# Question



## Mesmerbelly (Jul 19, 2011)

I hate to bother but I flashed superchargerv6 lost root can't find drivers compatibledie super one click to reroot phone PLZ help lol rom is miui kernel is glitch


----------



## akellar (Jun 11, 2011)

Mesmerbelly said:


> I hate to bother but I flashed superchargerv6 lost root can't find drivers compatibledie super one click to reroot phone PLZ help lol rom is miui kernel is glitch


Go to the superuser app and turn it back on. SOC doesn't work on GB anyway.
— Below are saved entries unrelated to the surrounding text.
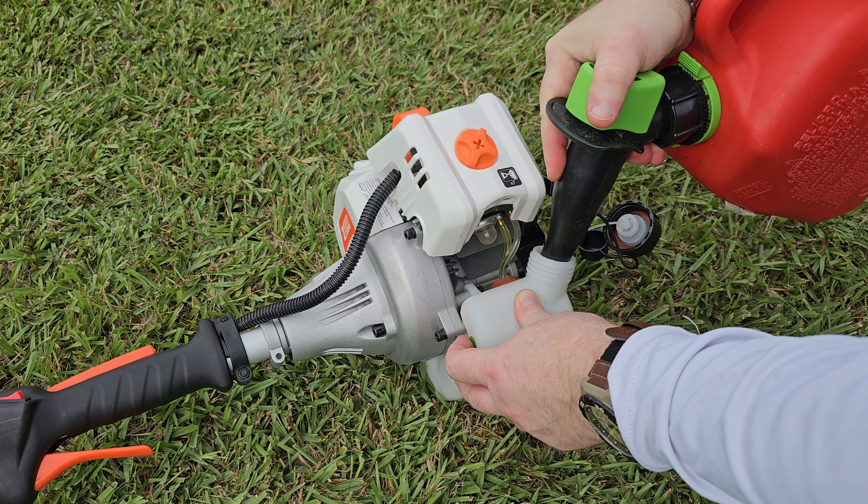I'll go ahead and crank the Ryobi for you so you can get a good idea of how the Ryobi cranks in comparison. You still have to prime it 10 times, and there's a whole process to it.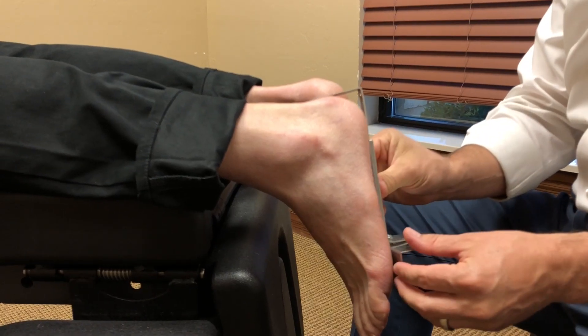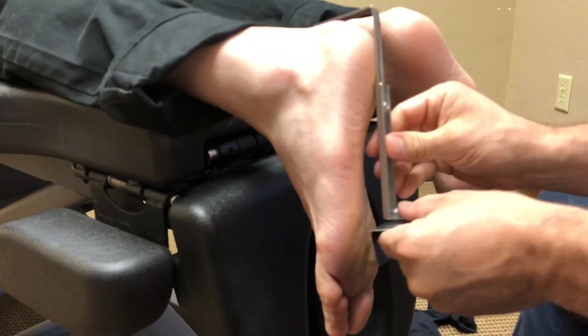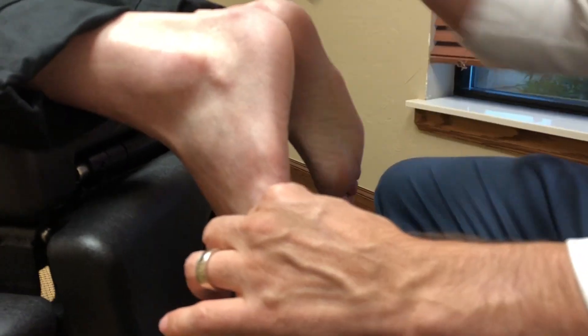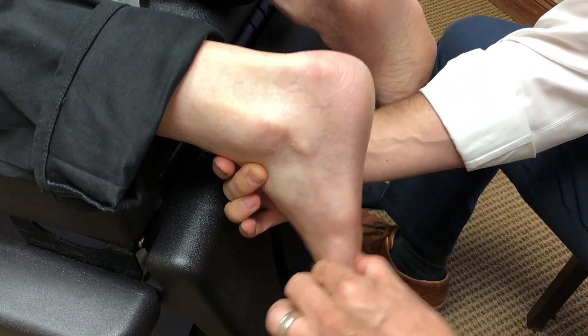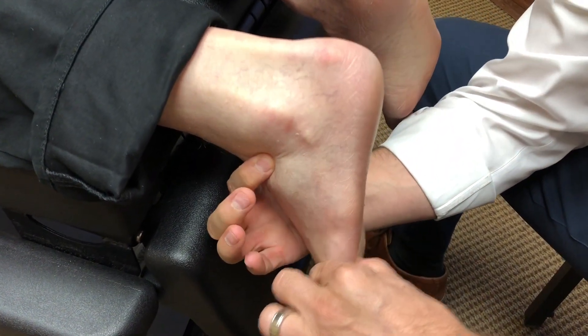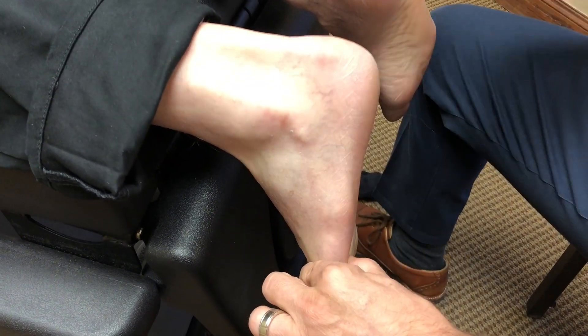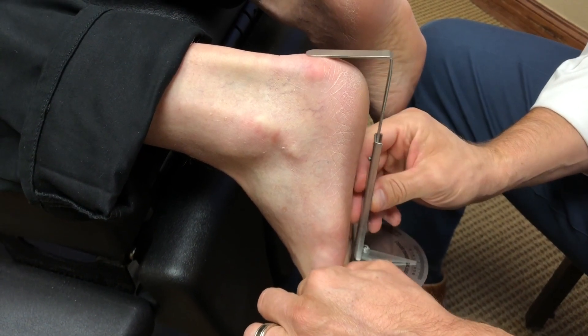We're going to extend that until that bar length reaches the fifth met head. Then I can put my thumb on the fifth met head to stabilize the foot. As I'm checking for subtalar neutral, I have a place to put my thumb. I'm going to find subtalar neutral, which is here, and I'm going to lock the forefoot onto the midfoot. Then I'm going to place my forefoot measuring device on there.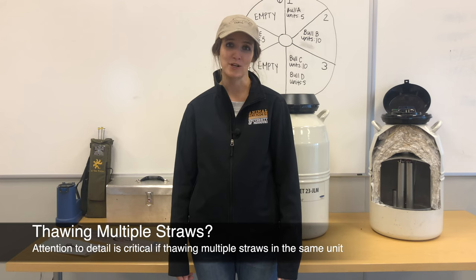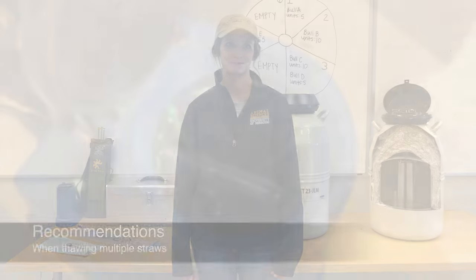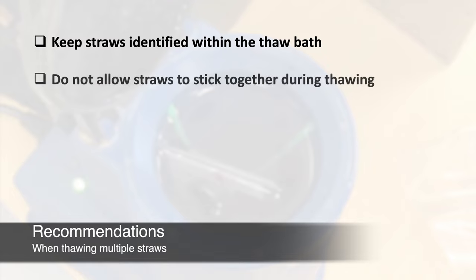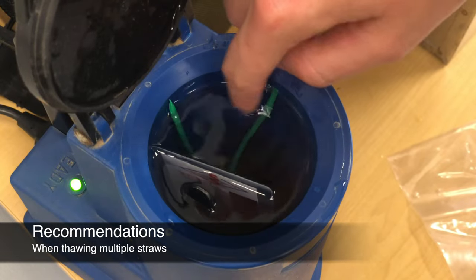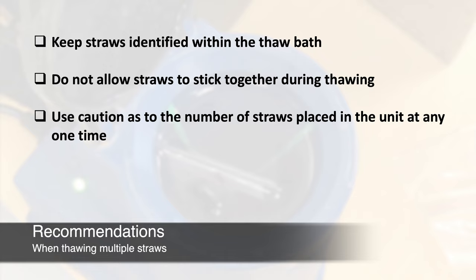Multiple straws can be thawed at once, but attention to detail is critical. First, it is critical to keep straws identified within the thaw bath to avoid confusion or use of the wrong straw. Second, straws should not stick together in the thaw unit, as this can cause uneven or incomplete thawing. Third, use caution as to the number of frozen straws placed into the unit at any one time, as each straw is essentially an ice cube that can temporarily cool the water. We recommend thawing no more than three straws in a single thaw bath at any one time.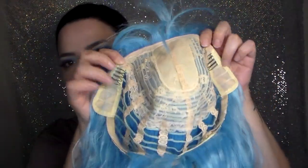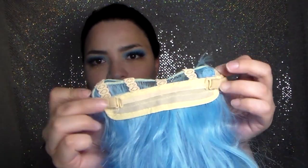On the inside you have these little clips here, and you have this part to tighten it more if you want. If you're interested in getting this wig, check out the link below.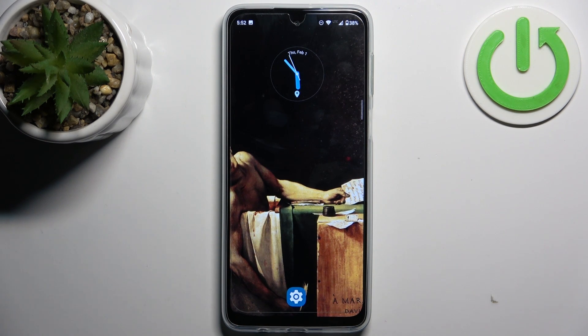Here I have the Motorola Moto G34, and today I'm going to show you how to format an SD card on this device.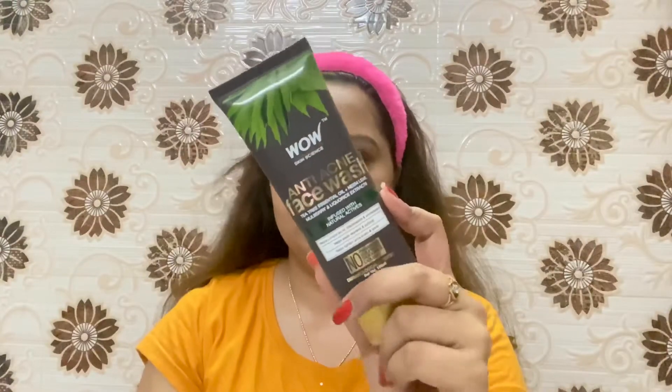The next step is to wash my face using Vaua anti-acne face wash. After that I am doing a pat dry.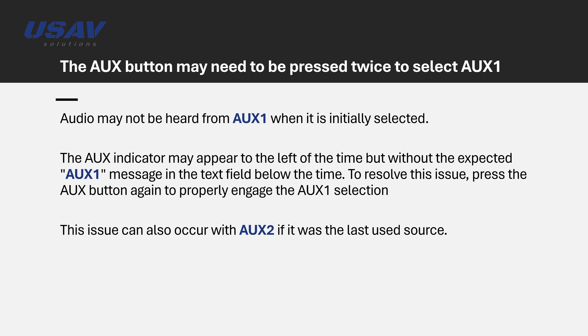In certain circumstances, audio may not be heard from AUX1 when it is initially selected. The AUX indicator may appear to the left of the time, but without the expected AUX1 message in the text field below the time. To resolve this issue, press the AUX button again to properly engage the AUX1 selection. This issue can also occur with AUX2 if it was the last used source.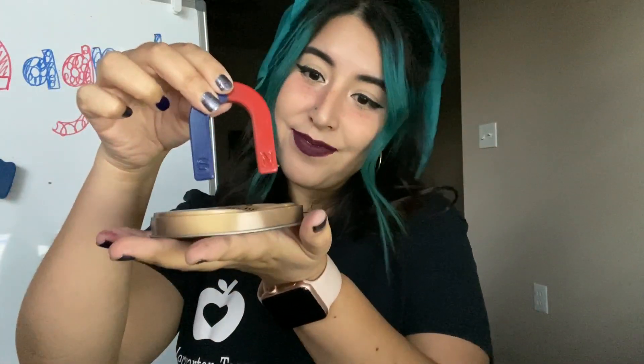Last thing — I have this tin of pumpkin spice rolled wafers. Let's see if the lid is magnetic. What do you think? Let's see if you're right. Is it magnetic? Yes, it's magnetic. Awesome job finding out what is magnetic and non-magnetic.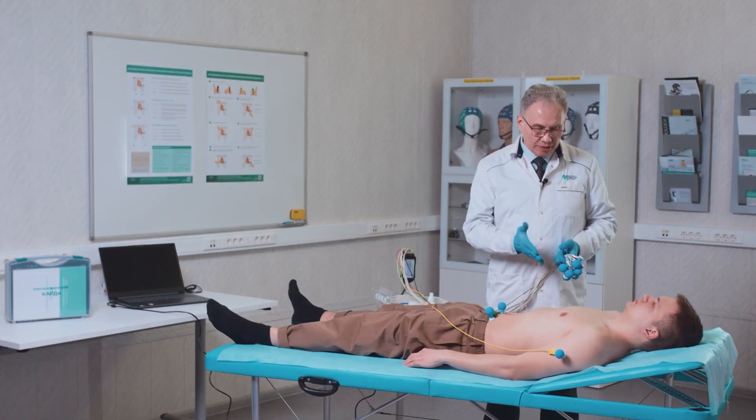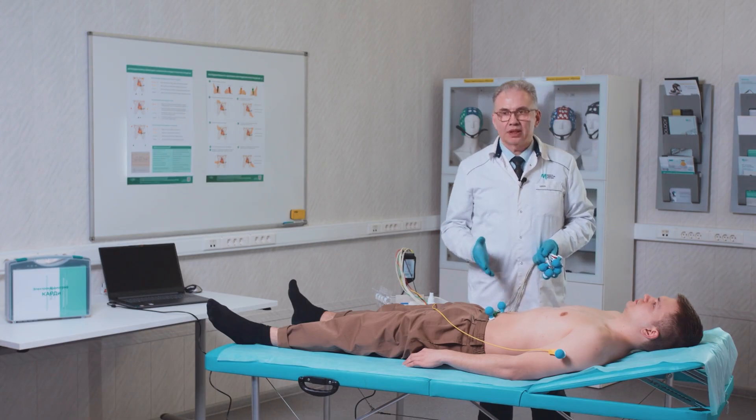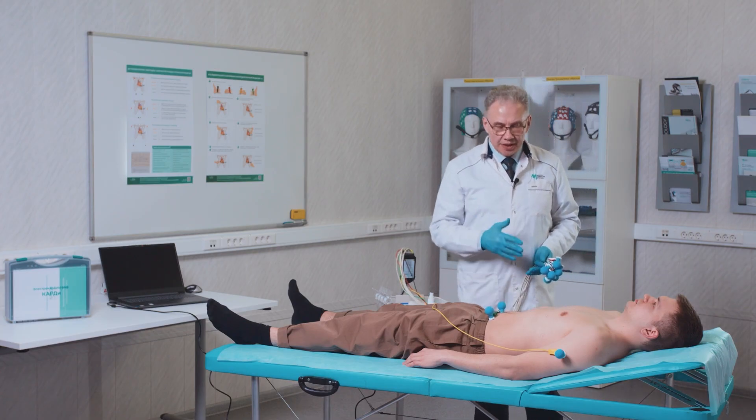The installation of chest electrodes is no different from traditional ECG recording. As we can see, all three demonstrated dislocation options differ somewhat in the placement of electrodes on the limbs and the torso, and they differ only in terms of which is more convenient to use in a particular clinical situation, depending on how the respective medical organization is accustomed to working. To be continued.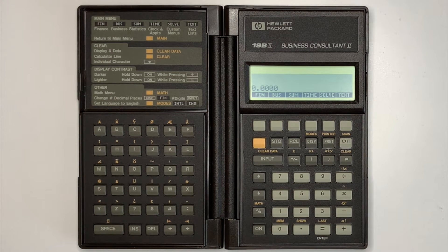The HP19B2 Business Consultant 2 Calculator was released in 1990 and replaced the HP19B, adding RPN functionality over the previous algebraic-only version.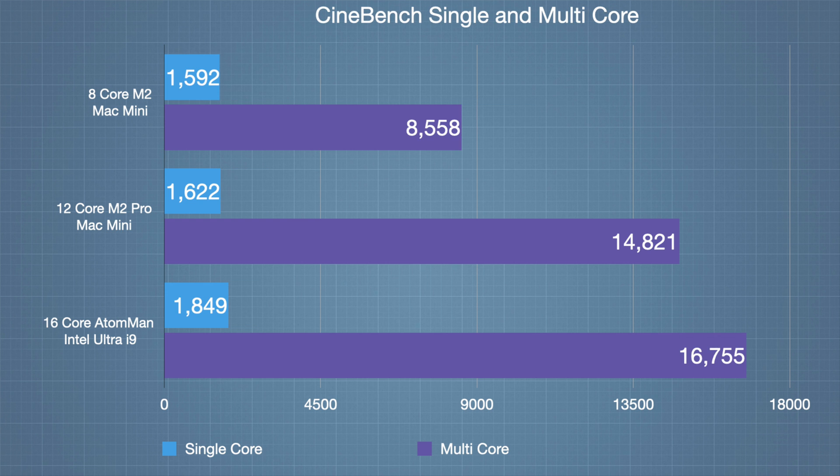Moving to Cinebench — noting it hasn't been fully optimised for Mac yet — the 8-core M2 Mac Mini scored 1,592 single-core and 8,558 multi-core. The M2 Pro scored similarly in single-core and 14,821 multi-core. The Intel Ultra 9 Ataman scored 1,849 in single-core — faster — and 16,755 in multi-core, which is super impressive.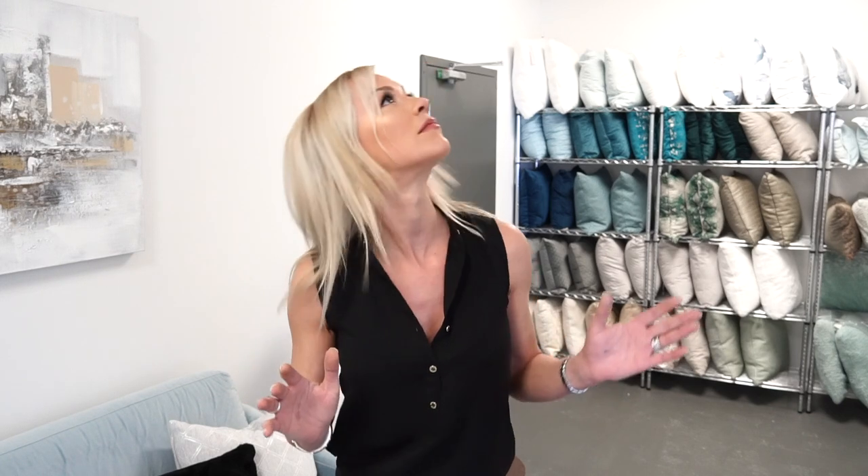First we're going to start with paintings. All too often I see people that hang their paintings too high or too low. You're not supposed to be looking at a painting like this or like this — we're supposed to be looking straight on. That means you should be hanging it around 60 inches from the ground. Paintings also should bring all the colors of your room together. Show some personality in there and have some fun with it.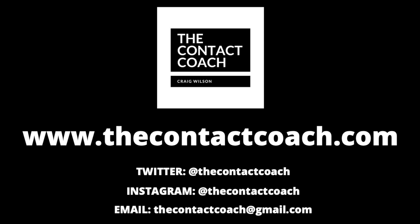If you liked this video, I'd really appreciate it if you shared it with your social networks. You can tag me at thecontactcoach on Twitter and Instagram. And you can also visit thecontactcoach.com to learn more about my services, including one-on-one sessions, small group, team sessions, and online mentoring and coaching analysis.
Supercharger's helpfullness is negligible as glitch already includes a lot of it according to sixstrings anyway.


----------



## Mesmerbelly (Jul 19, 2011)

Where is the setting at ?


----------



## Mesmerbelly (Jul 19, 2011)

The original su app is gone anyone have a copy for miui


----------



## sageDieu (Jun 16, 2011)

"Mesmerbelly said:


> The original su app is gone anyone have a copy for miui


go to the tools folder on your first page. should be in there. if not it is in the market.


----------



## Mesmerbelly (Jul 19, 2011)

I tried its gone and the one from the market wont work I think there different bc u can install both the one in the rom and the one from the market I tried extracting it from the miui zip but it wont install that way ive installed ever version I can find it still doesn't reconize it I check with root explorer and all the su files are where there supposed to be so im rooted just no way to command su


----------



## Mesmerbelly (Jul 19, 2011)

Did some digging and I was right newer versions of miui have a special su app its not the same as the market version


----------



## akellar (Jun 11, 2011)

"Mesmerbelly said:


> Did some digging and I was right newer versions of miui have a special su app its not the same as the market version


Just reflash the ROM


----------



## Mesmerbelly (Jul 19, 2011)

I can't get to recovery or I would I dint have cpu handy as I drive truck I thought about that first LOL I wish it was possible


----------



## akellar (Jun 11, 2011)

"Mesmerbelly said:


> I can't get to recovery or I would I dint have cpu handy as I drive truck I thought about that first LOL I wish it was possible


you can reboot to recovery from the power menu?


----------



## Mesmerbelly (Jul 19, 2011)

No bc it requires su permission im screwed lol


----------



## Mesmerbelly (Jul 19, 2011)

Oh for the days of 3 button recovery made life so much easier for smart ppl like me who do without thinking lol


----------



## akellar (Jun 11, 2011)

"Mesmerbelly said:


> No bc it requires su permission im screwed lol


You could try 3 fingering and reflashing.


----------



## Mesmerbelly (Jul 19, 2011)

Tried it wont mount system


----------



## Mesmerbelly (Jul 19, 2011)

I wish some one would make a recovery for mtd that you could access that way it would be beyond helpful for me


----------



## Mesmerbelly (Jul 19, 2011)

OK if anyone has a update.zip of any mtd recovery that will work I can apply that via the old recovery


----------



## Mesmerbelly (Jul 19, 2011)

Odin back to stock 2.1 then eh09 then up to miui no more problems


----------